Statuant à nouveau de ces chefs :

A titre principal,

- Condamner la société SFR Fibre à payer à la société Orange la somme de 3.202.672 €, sauf à parfaire en cours d'instance, en réparation du préjudice financier subi par la société Orange à raison de cette occupation illicite au sein des communes objet de la convention 1G et de la convention NCN,

- Assortir cette condamnation d'un intérêt de retard au taux légal, courant à compter de l'assignation aux fins de la présente instance en date du 8 octobre 2014, avec capitalisation des intérêts chaque année à la date anniversaire de l'arrêt à intervenir,

A titre subsidiaire,

- Condamner la société SFR Fibre à payer à la société Orange la somme de 1.120.042 €, sauf à parfaire en cours d'instance, en réparation du préjudice financier subi par la société Orange à raison de cette occupation illicite au sein des communes objet de la convention 1G,

- Assortir cette condamnation d'un intérêt de retard au taux légal, courant à compter de l'assignation aux fins de la présente instance en date du 8 octobre 2014, avec capitalisation des intérêts chaque année à la date anniversaire de l'arrêt à intervenir,

A titre très subsidiaire,

- Désigner tel expert qu'il plaira à la cour avec pour mission de :

- Convoquer et entendre les parties et tout en sachant qu'il pourrait estimer utile à l'accomplissement de sa mission, dans un délai d'un mois suivant le prononcé de la décision à intervenir,

- Se faire remettre par les parties tous les documents et pièces qu'il estimera utiles à l'accomplissement de sa mission,

- Evaluer l'emprise de l'occupation du réseau déployé par la société Sequalum dans le génie civil de la société Orange au sein des communes objet de la convention 1G et de la convention NCN,

- Reconstituer le calendrier des interventions auxquelles la société Sequalum a procédé dans le génie civil de la société Orange au sein des communes objet de la convention 1G et de la convention NCN, et notamment les dates précises de déploiement du réseau objet de la convention de délégation de service public pour l'établissement et l'exploitation d'un réseau départemental de communication électronique à très haut débit conclue le 13 mars 2008 au sein des communes objet de la convention 1G et de la convention NCN,

- Evaluer le préjudice subi par la société Orange du fait de l'occupation sans droit ni titre des infrastructures de génie civil appartenant à la société Orange au sein des communes objet de la convention 1G et de la convention NCN,

- Du tout, dresser rapport qui devra être communiqué aux parties et déposé au greffe au plus tard dans les trois mois de la décision à intervenir,

- Dire que les frais de l'expertise seront supportés par la société Sequalum, et notamment la provision à valoir sur la rémunération de l'expert qui devra être consignée au greffe de (sic) dans un délai maximum de 30 jours à compter de l'arrêt à intervenir,

- Dire qu'en cas de difficulté, il en sera référé au conseiller chargé du contrôle des expertises,

- Ordonner ensuite la réouverture des débats en vue d'une audience qu'il plaira à la cour de fixer, afin qu'il soit statué sur la réparation du préjudice subi par la société Orange,

En tout état de cause,

- Condamner la société SFR Fibre, à payer à la société Orange la somme de 60.000 € en application des dispositions de l'article 700 du code de procédure civile,

- Condamner la société SFR Fibre, aux dépens de l'instance, dont distraction au profit de la SELARL Lexavoué Paris-Versailles.
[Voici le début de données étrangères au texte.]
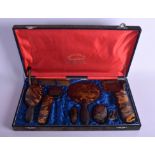 AN EARLY 20TH CENTURY YAMATO AND CO HONG KONG CASED TORTOISESHELL DRESSING TABLE SET carved with dr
Par dernières conclusions notifiées le 29 mars 2023, la société SFR Fibre venant aux droits de la société Sequalum demande à la cour de :

- Déclarer la société Orange irrecevable en son action, celle-ci étant prescrite,

En tout état de cause,

- Déclarer la société Orange mal fondée en sa déclaration de saisine,

- Déclarer la société SFR Fibre venant aux droits de la société Sequalum recevable et bien fondée en son appel incident,

- Infirmer le jugement du tribunal de commerce de Nanterre rendu le 2 mars 2016 en ce qu'il a:

- Dit que la société Sequalum (aux droits de laquelle vient la société SFR Fibre) occupe sans droit ni titre le génie civil de la société Orange dans les installations de génie civil dont la société Orange est propriétaire et définies par la convention conclue entre France Télécom et NC Numéricâble le 21 décembre 2004 ;

- Condamné la société Sequalum (aux droits de laquelle vient la société SFR Fibre) à payer à la société Orange la somme de 1 € à titre de dommages et intérêts ;

- Dit n'y avoir lieu à l'application des dispositions de l'article 700 du code de procédure civil ;

- Condamné la société Sequalum (aux droits de laquelle vient la société SFR Fibre) aux dépens.
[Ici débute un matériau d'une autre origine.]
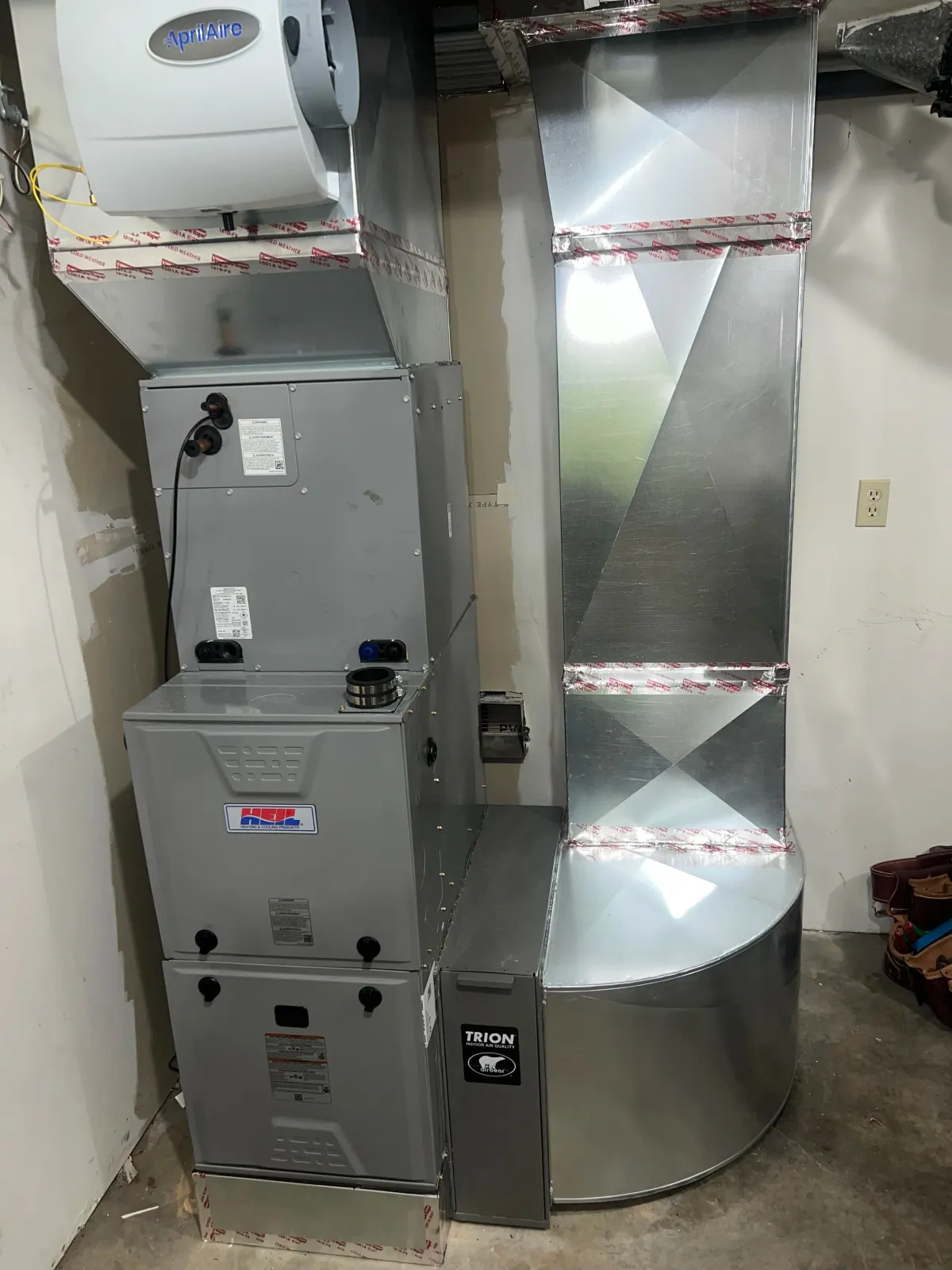 An HVAC system with a Trion indoor air quality filter, metal ductwork, and a heating/cooling unit in a basement or utility room.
- Confirmer le jugement du tribunal de commerce de Nanterre rendu le 2 mars 2016 en ce qu'il a débouté la société Orange de sa demande d'expertise judiciaire ;

Statuant à nouveau :

- Débouter la société Orange de l'intégralité de ses demandes fins et conclusions ;

En toutes hypothèses :

- Débouter la société Orange de l'ensemble de ses demandes fins et conclusions ;

- Condamner la société Orange à verser à la société SFR Fibre la somme de 50.000 € au titre de l'article 700 du code de procédure civile ;

- Condamner la société Orange aux entiers dépens dont le montant sera recouvré par Me Pedroletti avocat conformément aux dispositions de l'article 699 du code de procédure civile.

L'ordonnance de clôture a été rendue le 13 avril 2023.

Pour un exposé complet des faits et de la procédure, la cour renvoie expressément au jugement déféré et aux écritures des parties ainsi que cela est prescrit à l'article 455 du code de procédure civile.

MOTIFS

Sur la fin de non-recevoir tirée de la prescription de l'action de la société Orange

La société SFR Fibre, ci-après dénommée la société SFR, soulève la prescription de l'action de la société Orange, considérant que le point de départ de la prescription quinquennale doit être fixé au 16 avril 2008 ou au 13 novembre 2008, dates auxquelles la société Orange a adressé un courrier à la société Numéricâble afin de contester son droit à utilisation de ses ouvrages de génie civil. L'intimée souligne que le préjudice futur est réparable lorsqu'il est la prolongation certaine et directe d'un état de choses actuel. Elle estime donc que la prescription débute à compter du jour où la réalisation du préjudice est suffisamment certaine pour en solliciter la réparation.

La société Orange répond que la prescription quinquennale a commencé à courir à la date de réalisation de son dommage, soit à la date de déploiement effectif par la société Sequalum de ses installations au sein du génie civil de la société Orange, et donc pas avant l'année 2010.

*****

L'article L. 110-4 I du code de commerce dispose que : " Les obligations nées à l'occasion de leur commerce entre commerçants ou entre commerçants et non-commerçants se prescrivent par cinq ans si elles ne sont pas soumises à des prescriptions spéciales plus courtes ".

Par ailleurs, l'article 2224 du code civil énonce que : " Les actions personnelles ou mobilières se prescrivent par cinq ans à compter du jour où le titulaire d'un droit a connu ou aurait dû connaître les faits lui permettant de l'exercer ".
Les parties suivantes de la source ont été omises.